━━ MATERIAL SUPPLIED ━━
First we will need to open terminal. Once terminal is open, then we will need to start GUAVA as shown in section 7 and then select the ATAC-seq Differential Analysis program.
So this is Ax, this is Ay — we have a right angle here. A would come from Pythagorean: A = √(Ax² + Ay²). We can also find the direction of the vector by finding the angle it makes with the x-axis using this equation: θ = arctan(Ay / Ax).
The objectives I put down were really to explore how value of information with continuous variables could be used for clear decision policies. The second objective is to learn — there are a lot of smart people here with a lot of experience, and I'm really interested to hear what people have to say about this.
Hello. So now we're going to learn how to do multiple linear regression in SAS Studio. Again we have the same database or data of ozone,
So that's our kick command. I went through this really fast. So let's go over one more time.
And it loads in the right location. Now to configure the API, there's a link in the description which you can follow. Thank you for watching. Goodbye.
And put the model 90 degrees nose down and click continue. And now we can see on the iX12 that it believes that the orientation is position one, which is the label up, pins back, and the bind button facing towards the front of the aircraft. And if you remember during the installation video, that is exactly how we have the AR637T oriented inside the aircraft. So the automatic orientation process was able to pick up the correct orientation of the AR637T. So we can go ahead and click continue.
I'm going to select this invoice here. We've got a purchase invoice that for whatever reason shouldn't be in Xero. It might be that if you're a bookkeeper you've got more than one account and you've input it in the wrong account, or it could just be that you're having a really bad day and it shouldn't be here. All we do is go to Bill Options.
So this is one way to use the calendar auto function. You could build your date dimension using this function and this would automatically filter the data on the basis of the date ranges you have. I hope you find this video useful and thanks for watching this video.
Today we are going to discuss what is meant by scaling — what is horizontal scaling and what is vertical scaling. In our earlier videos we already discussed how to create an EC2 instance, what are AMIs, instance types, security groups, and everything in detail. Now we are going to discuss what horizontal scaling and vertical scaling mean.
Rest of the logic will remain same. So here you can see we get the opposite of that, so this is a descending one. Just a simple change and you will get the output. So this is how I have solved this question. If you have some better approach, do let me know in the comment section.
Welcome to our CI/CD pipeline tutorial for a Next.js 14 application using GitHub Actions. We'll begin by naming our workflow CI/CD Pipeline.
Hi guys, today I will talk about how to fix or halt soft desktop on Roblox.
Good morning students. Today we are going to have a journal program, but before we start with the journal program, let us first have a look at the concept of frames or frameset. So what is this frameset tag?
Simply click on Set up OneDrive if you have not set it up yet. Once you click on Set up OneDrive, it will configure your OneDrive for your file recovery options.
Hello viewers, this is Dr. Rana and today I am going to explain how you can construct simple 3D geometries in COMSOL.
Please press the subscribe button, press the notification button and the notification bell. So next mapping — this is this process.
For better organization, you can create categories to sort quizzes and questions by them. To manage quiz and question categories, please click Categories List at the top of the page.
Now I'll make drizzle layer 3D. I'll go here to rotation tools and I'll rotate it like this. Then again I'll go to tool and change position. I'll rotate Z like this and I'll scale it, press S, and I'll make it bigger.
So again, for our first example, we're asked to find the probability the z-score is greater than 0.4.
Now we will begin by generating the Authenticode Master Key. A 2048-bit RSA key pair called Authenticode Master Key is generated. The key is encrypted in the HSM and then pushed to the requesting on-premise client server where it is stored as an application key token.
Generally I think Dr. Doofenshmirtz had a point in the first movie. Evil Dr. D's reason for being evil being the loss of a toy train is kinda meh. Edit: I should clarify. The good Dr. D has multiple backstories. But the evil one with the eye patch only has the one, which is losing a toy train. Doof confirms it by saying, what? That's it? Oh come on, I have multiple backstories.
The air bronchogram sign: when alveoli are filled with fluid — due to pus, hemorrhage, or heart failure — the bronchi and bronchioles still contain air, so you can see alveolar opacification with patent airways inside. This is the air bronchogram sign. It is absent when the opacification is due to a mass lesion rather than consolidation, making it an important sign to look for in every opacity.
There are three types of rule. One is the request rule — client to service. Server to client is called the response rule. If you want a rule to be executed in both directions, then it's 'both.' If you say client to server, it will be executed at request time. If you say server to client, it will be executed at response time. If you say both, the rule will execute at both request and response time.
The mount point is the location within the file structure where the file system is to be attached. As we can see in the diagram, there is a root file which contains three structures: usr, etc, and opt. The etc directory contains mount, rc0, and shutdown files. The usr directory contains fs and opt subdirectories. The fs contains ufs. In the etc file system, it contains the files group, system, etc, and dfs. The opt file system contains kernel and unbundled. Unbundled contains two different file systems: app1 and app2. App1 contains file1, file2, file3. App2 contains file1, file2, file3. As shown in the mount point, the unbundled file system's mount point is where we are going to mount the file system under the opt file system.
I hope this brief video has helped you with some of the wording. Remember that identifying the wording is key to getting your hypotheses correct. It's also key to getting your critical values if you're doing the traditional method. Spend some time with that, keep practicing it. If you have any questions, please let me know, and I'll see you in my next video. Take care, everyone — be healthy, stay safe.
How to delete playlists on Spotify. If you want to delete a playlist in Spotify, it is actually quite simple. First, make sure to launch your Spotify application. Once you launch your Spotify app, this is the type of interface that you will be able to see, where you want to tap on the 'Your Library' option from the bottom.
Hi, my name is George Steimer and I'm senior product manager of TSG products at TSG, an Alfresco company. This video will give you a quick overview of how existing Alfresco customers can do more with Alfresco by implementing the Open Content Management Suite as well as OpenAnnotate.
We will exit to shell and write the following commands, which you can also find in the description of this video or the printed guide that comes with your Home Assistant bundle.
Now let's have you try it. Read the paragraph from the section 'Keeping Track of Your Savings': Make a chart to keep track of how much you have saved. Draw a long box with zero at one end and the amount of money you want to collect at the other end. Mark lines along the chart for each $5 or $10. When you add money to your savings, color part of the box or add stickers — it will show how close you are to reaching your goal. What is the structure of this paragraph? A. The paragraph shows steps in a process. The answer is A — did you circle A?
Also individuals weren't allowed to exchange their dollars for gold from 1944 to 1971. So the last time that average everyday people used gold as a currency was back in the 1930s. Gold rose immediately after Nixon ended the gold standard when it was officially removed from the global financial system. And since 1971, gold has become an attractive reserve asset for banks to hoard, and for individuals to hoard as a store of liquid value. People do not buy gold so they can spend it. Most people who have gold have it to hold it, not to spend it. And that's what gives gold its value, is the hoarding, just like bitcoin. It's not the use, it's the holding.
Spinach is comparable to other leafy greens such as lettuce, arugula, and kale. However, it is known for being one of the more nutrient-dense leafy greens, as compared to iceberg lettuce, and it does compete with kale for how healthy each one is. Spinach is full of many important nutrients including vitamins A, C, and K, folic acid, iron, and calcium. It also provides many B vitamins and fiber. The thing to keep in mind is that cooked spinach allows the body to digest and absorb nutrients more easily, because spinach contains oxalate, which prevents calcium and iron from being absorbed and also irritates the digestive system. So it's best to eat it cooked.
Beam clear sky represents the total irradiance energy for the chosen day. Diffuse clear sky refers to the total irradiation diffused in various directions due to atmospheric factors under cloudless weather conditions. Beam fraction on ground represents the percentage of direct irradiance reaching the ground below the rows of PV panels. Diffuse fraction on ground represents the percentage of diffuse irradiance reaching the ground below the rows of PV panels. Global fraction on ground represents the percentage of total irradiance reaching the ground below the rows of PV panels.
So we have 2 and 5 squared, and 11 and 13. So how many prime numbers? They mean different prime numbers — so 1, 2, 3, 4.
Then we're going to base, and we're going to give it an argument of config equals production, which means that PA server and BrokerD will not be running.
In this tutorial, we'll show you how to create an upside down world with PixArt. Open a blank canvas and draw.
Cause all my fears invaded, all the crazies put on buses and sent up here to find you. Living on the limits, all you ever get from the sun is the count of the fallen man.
━━━
:: WHAT THE TASK REQUIRES ::
Beginning at the top of the data, extract each line through the line containing "So this is Ax, this" and return those lines exactly, with nothing added.

:: OUTPUT OF THE EXERCISE ::
First we will need to open terminal. Once terminal is open, then we will need to start GUAVA as shown in section 7 and then select the ATAC-seq Differential Analysis program.
So this is Ax, this is Ay — we have a right angle here. A would come from Pythagorean: A = √(Ax² + Ay²). We can also find the direction of the vector by finding the angle it makes with the x-axis using this equation: θ = arctan(Ay / Ax).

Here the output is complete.